Oleh Dian Marta Wijayanti, SPd
Guru SDN Sampangan 01 Kota Semarang,
Tim Assesor EGRA USAID Prioritas Jawa Tengah
Dimuat Koran Barometer, Jumat 16 Mei 2014
Di acara puncak peringatan Hari Keluarga Nasional (Harganas) ke-21 pada
14 Juni 2014, Wakil Presiden Boediono menyatakan kualitas keluarga menunjukkan
dan menentukan kualitas manusia. Kualitas manusia inilah nantinya yang akan
menentukan kualitas bangsa Indonesia (Kompas, 15/6/2014). Ini penting
dicermati. Khususnya bagi ibu dan bapak sebagai guru di keluarga. Mereka harus
tahu bahwa di dalam keluarga itu terbentuk sistem pendidikan dalam keluarga
yang perannya sangat penting bagi pertumbuhan dan perkembangan anak.
Menurut Wapres, berhasil atau tidaknya suatu bangsa sangat ditentukan
oleh berhasil atau tidaknya membangun manusia keluarga yang berkualitas,
sedangkan kualitas manusia ditentukan keterampilan dan pengetahuannya. Wapres
juga mengajak kepada seluruh keluarga di Indonesia untuk memantapkan langkah
menggerakkan kembali sejumlah program seperti Program Kependudukan, Keluarga
Berencana, dan Pembangunan Keluarga di Tanah Air.
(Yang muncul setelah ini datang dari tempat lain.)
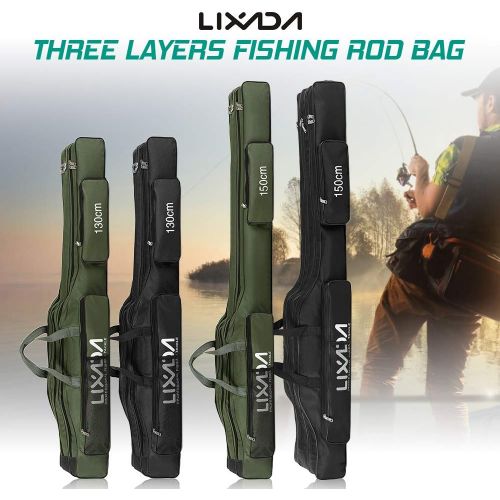  [아마존베스트]Lixada Fishing Bag, 130 cm / 150 cm, Three Layers, Portable, Folding, Fishing, Rod, Tool, Carry, Carrier, Travel Bag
Hal itu harus diteguhkan kembali. Pasalnya, jika program-program itu
diarahkan untuk pengendalian jumlah penduduk dan pengaturan jarak kelahiran,
peningkatan kualitas penduduk, hingga peningkatan pendapatan keluarga sejahtera
dan pemberdayaan ekonomi keluarga melalui kegiatan bina keluarga yang meliputi
balita, anak remaja dan lansia. Tak kalah penting adalah penerapan pendidikan
dalam keluarga. Pasalnya, selama ini sekolah bernama keluarga masih dipandang
sebalah mata.
Kak Seto atau Seto Mulyadi pernah menjelaskan bahwa pendidikan dalam
keluarga dan peran orang tua sangat berpengaruh terhadap perkembangan anak. Ini
ilmu sederhana, namun jarang orang memahaminya. Karena saat ini, masyarakat
hanya mengandalkan pendidikan formal saja. Padahal, pendidikan itu terbagi
tiga, yaitu pendidikan dalam keluarga, di sekolah dan pendidikan di masyarakat.
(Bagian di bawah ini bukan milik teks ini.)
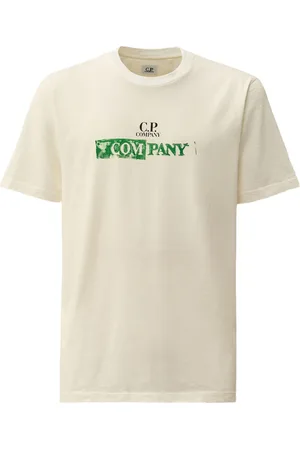 C.P. Company T-Shirts, male, , Size: M White T-shirts and Polos with Logo Print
Memang logis, selain faktor kesibukan dan pengetahuan, orang tua memang
lebih simpel dan mudah mendidik anaknya lewat pendidikan formal. Kebiasaan para
orangtua dalam memberikan pendidikan bagi anaknya sejak kecil, akan berdampak
langsung bagi perkembangan daya pikir dan karakter sang anak kelak. Sebab
setiap manusia pasti akan mengingat dan selalu melakukan hal pertamakali ia
kenal, terutama apa yang diajarkan orangtuanya di rumah.
Pendidikan Keluarga
Keluarga merupakan lingkungan bagi manusia untuk pertama kali mengenal
interaksi dengan manusia lain. Pendidikan informal ala keluarga, senantiasa
diberikan orangtua kepada anaknya agar sang anak kelak memiliki bekal ketika
menginjak pendidikan formal yang diajarkan di sekolah. Banyak hal diberikan
orangtua kita tentang yang wajar kita ketahui dan lakukan sejak kita kecil. Membaca
doa, berhitung, mengenali benda di sekitar kita, hingga baca tulis juga kerap
dikenalkan orangtua kepada anaknya meskipun sang anak masih berusia belia.
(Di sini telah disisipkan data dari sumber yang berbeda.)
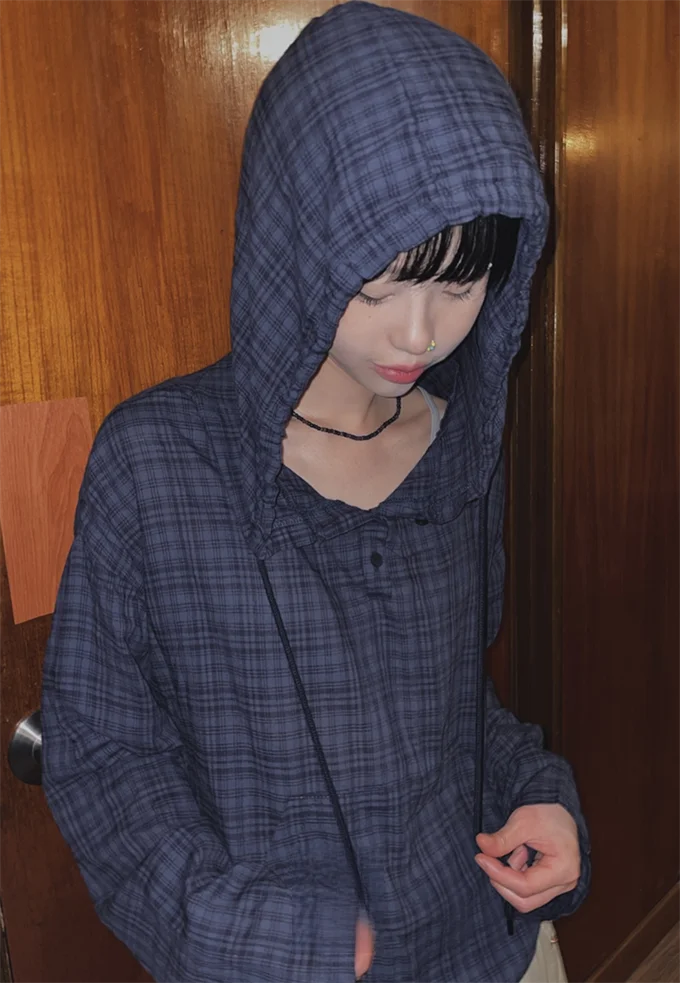 レトロヴィンテージ SEI チェック長袖薄手カジュアルフード付きシャツ韓国スタイル通勤ストライプ柄ストレートカットレディーストップ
Adolf Hitler (1889-1945) juga menyarankan bahwa ketika ada kediktatoran
pemerintah maupun birokrat, maka rakyat harus mendaulatnya sendiri. Artinya,
jika pemerintah tak mampu menyekolahkan anak, maka merekalah yang harus siap
menjadi guru bagi anak-anaknya. Jika didikan dari kecil kepada anak diberikan
dengan baik dan sesuai dengan apa yang seharusnya mereka dapatkan, niscaya hal
itulah yang akan menjadi cerminan baginya ke depan dalam menjalani kehidupan di
tengah masyarakat.
Jika didikan yang diberikan orangtua kepada anaknya jauh dari norma
kesopanan, kesusilaan, bahkan norma agama, percayalah, si anak kelak akan
kurang terbiasa dalam menjalani kehidupan yang berorientasi pada kesopanan
maupun nilai-nilai agama. Apabila kita cermati lebih jauh lagi,
sesungguhnya karakter yang selalu dimiliki oleh manusia merupakan cerminan
bagaimana mereka dididik oleh orangtuanya jauh sebelum mereka menginjak bangku
sekolahan.
Memang tidak bisa kita pungkiri, peran guru juga berpengaruh dalam
memberikan pengetahuan kepada siswanya dalam menunjang kecerdasan dan membantuk
karakter siswa, namun yang tidak boleh kita lupakan adalah pendidikan ala
keluarga yang sebenarnya lebih dominan dalam membentuk karakter anak di masa
datang. Ketika anak sewaktu kecil senantiasa dihadapkan pada keributan yang
dilakukan oleh orangtuanya, maka mental pembangkang dan bengal akan terpatri
dalam jiwanya karena ia kurang mengenal dunia kasih sayang akibat orangtuanya
selalu bertengkar. Baginya, pertengkaran merupakan hal yang lumrah dan
dibenarkan karena orang terdekatnya saja selalu melakukan hal itu bahkan di
hadapannya.
Akan tetapi, apabila orang tua selalu menunjukan sikap harmonis dan
penuh kasih sayang dalam menjalankan kehidupan sehari-hari, maka anak tersebut
akan memiliki mental yang penuh dengan cinta kasih dalam menjalankan
kehidupannya kerana ia menganggap hanya dengan kasih sayanglah kehidupan ini
harus dilalui sebagaimana yang ia lihat kehidupan keluarganya dalam kehidupan
sehari-hari.
Sikap kejujuran yang ditanamkan oleh orangtua sejak si anak kecil, juga
akan berdampak panjang dalam hidupnya karena baginya melakukan kebohongan
merupakan hal yang tabu karena tidak pernah diajarkan dan sangat takut pada
sanksi yang akan didapat karena memang tidak pernah melakukan sebelumnya.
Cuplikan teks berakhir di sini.